** ACTIVITY **
Transcribe the entries that follow, every word as written, and drop the pictures.

══════════

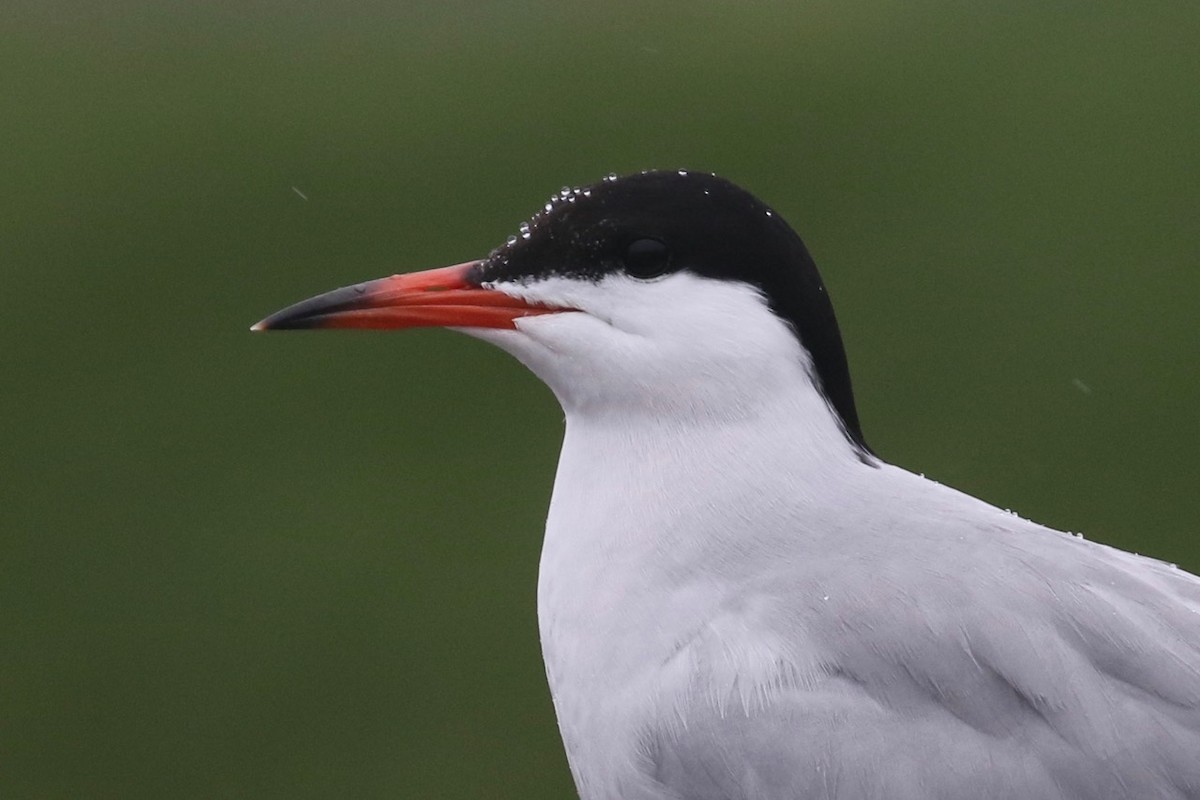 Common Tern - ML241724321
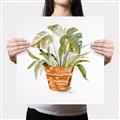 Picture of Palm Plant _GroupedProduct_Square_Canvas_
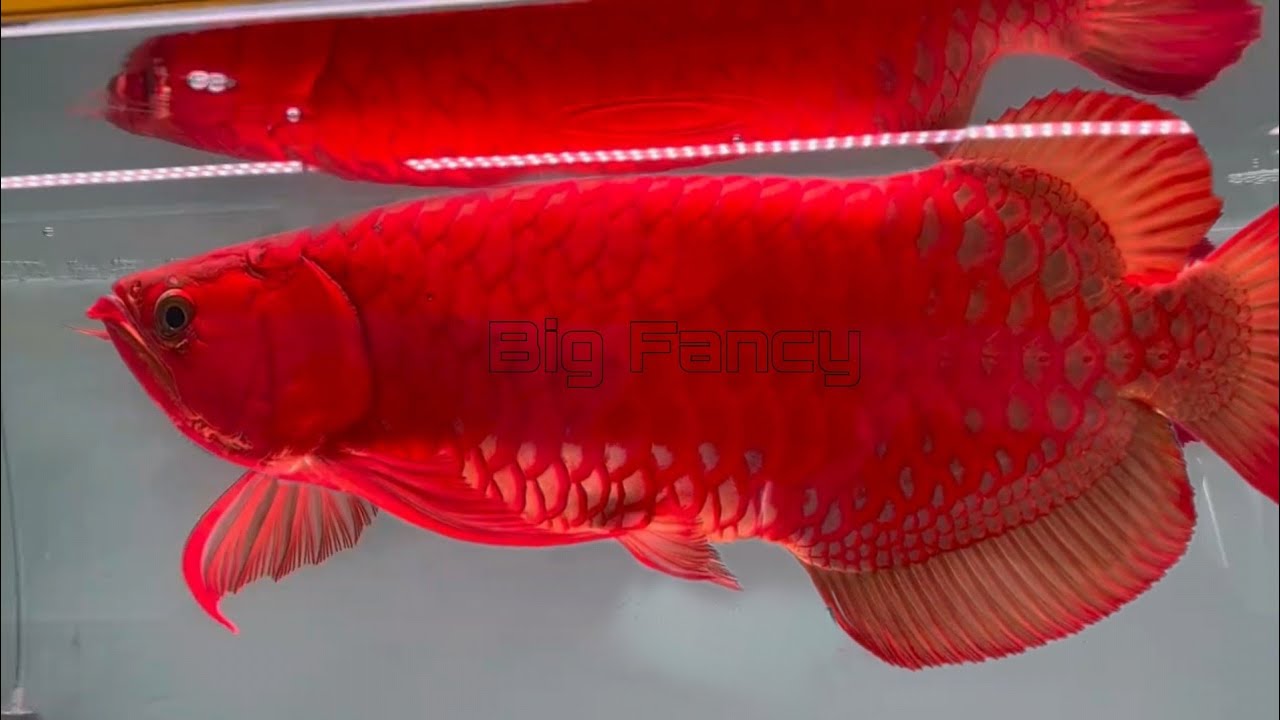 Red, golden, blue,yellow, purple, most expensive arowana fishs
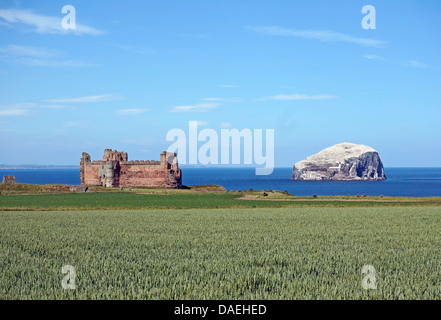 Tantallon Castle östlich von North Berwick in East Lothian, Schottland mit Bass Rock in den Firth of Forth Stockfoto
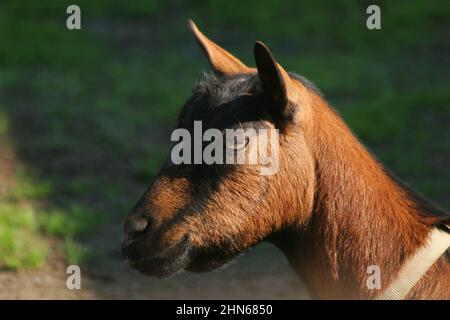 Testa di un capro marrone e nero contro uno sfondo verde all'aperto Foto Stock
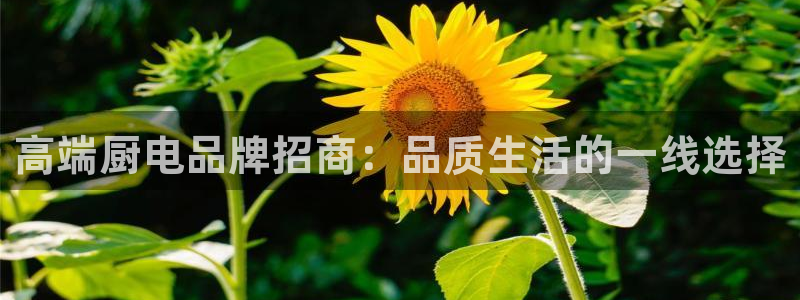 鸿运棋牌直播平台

══════════

** RESULT OF THE TASK **
 Common Tern - ML241724321
 Picture of Palm Plant _GroupedProduct_Square_Canvas_
 Red, golden, blue,yellow, purple, most expensive arowana fishs
 Tantallon Castle östlich von North Berwick in East Lothian, Schottland mit Bass Rock in den Firth of Forth Stockfoto
 Testa di un capro marrone e nero contro uno sfondo verde all'aperto Foto Stock
 鸿运棋牌直播平台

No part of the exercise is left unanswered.